Multi-step-ahead prediction of water levels using machine learning: A comparative analysis in the Vietnamese Mekong Delta

Nguyen Duc Hanh, Nguyen Tien Giang, Le Xuan Hoa, Tran Ngoc Vinh, Huu Duy Nguyen
Author affiliations

Authors

  • Nguyen Duc Hanh Faculty of Hydrology, Meteorology and Oceanography, VNU University of Science, Vietnam National University, 334 Nguyen Trai, Thanh Xuan district, Hanoi, Vietnam
  • Nguyen Tien Giang Faculty of Hydrology, Meteorology and Oceanography, VNU University of Science, Vietnam National University, 334 Nguyen Trai, Thanh Xuan district, Hanoi, Vietnam
  • Le Xuan Hoa Dong Thap Provincial Hydrometeorological Station, Southern Regional Hydrometeorological Station, General Department of Hydrometeorology, Ministry of Natural Resources and Environment
  • Tran Ngoc Vinh Department of Civil and Environmental Engineering, University of Michigan, Ann Arbor, MI, USA
  • Huu Duy Nguyen Faculty of Geography, VNU University of Science, Vietnam National University, Hanoi, Vietnam

DOI:

https://doi.org/10.15625/2615-9783/21067

Keywords:

Water level, multi-step-ahead prediction, machine learning, Vietnamese Mekong delta

Abstract

This study evaluates the efficacy of five machine learning algorithms Support Vector Regression (SVR), Decision Tree (DT), Random Forest (RF), Light Gradient Boosting Machine Regressor (LGBM), and Linear Regression (LR) in predicting water levels in the Vietnamese Mekong Delta's tidal river system, a complex nonlinear hydrological phenomenon.
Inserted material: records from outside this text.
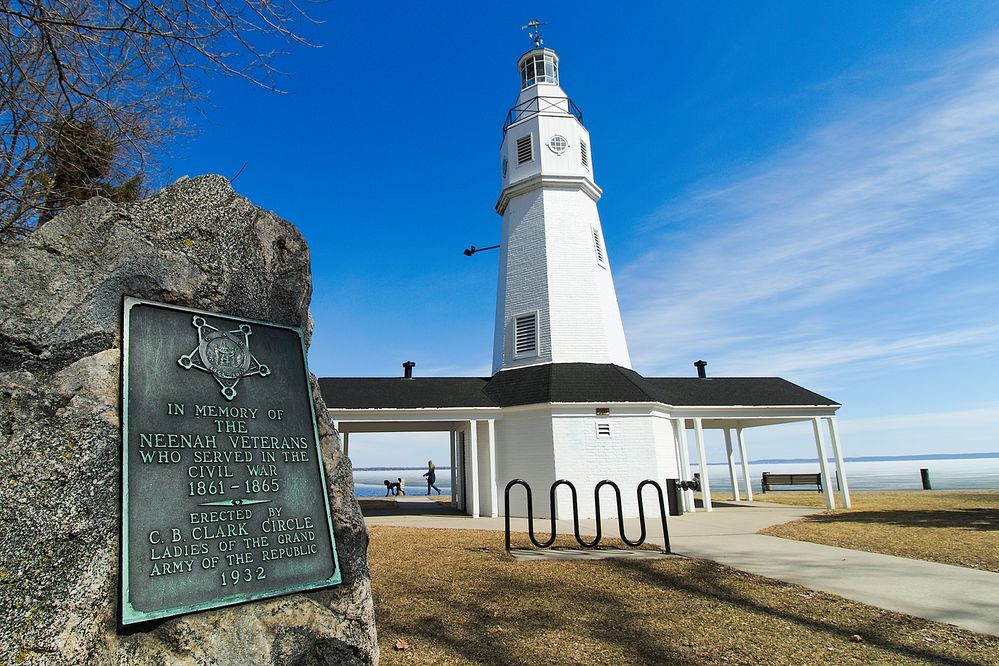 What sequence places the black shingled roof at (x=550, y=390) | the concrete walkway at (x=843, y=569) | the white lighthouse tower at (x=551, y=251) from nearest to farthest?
1. the concrete walkway at (x=843, y=569)
2. the black shingled roof at (x=550, y=390)
3. the white lighthouse tower at (x=551, y=251)

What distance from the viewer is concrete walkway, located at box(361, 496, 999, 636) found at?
228 inches

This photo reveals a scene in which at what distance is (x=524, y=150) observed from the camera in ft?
68.0

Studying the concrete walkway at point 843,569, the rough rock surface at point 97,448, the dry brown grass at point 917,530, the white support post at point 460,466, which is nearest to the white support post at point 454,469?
the white support post at point 460,466

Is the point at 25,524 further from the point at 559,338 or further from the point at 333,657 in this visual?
the point at 559,338

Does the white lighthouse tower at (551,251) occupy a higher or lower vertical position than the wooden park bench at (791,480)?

Using daily maximum, minimum, and mean water level data from the Cao Lanh gauging station on the Tien River (2000-2020), models were developed to forecast water levels one, three, five, and seven days in advance. Performance was assessed using Nash-Sutcliffe Efficiency, coefficient of determination, Root Mean Square Error, and Mean Absolute Error. Results indicate that all models performed well, with SVR consistently outperforming others, followed by RF, DT, and LGBM. The study demonstrates the viability of machine learning in water level prediction using solely historical water level data, potentially enhancing flood warning systems, water resource management, and agricultural planning. These findings contribute to the growing knowledge of machine learning applications in hydrology and can inform sustainable water resource management strategies in delta regions.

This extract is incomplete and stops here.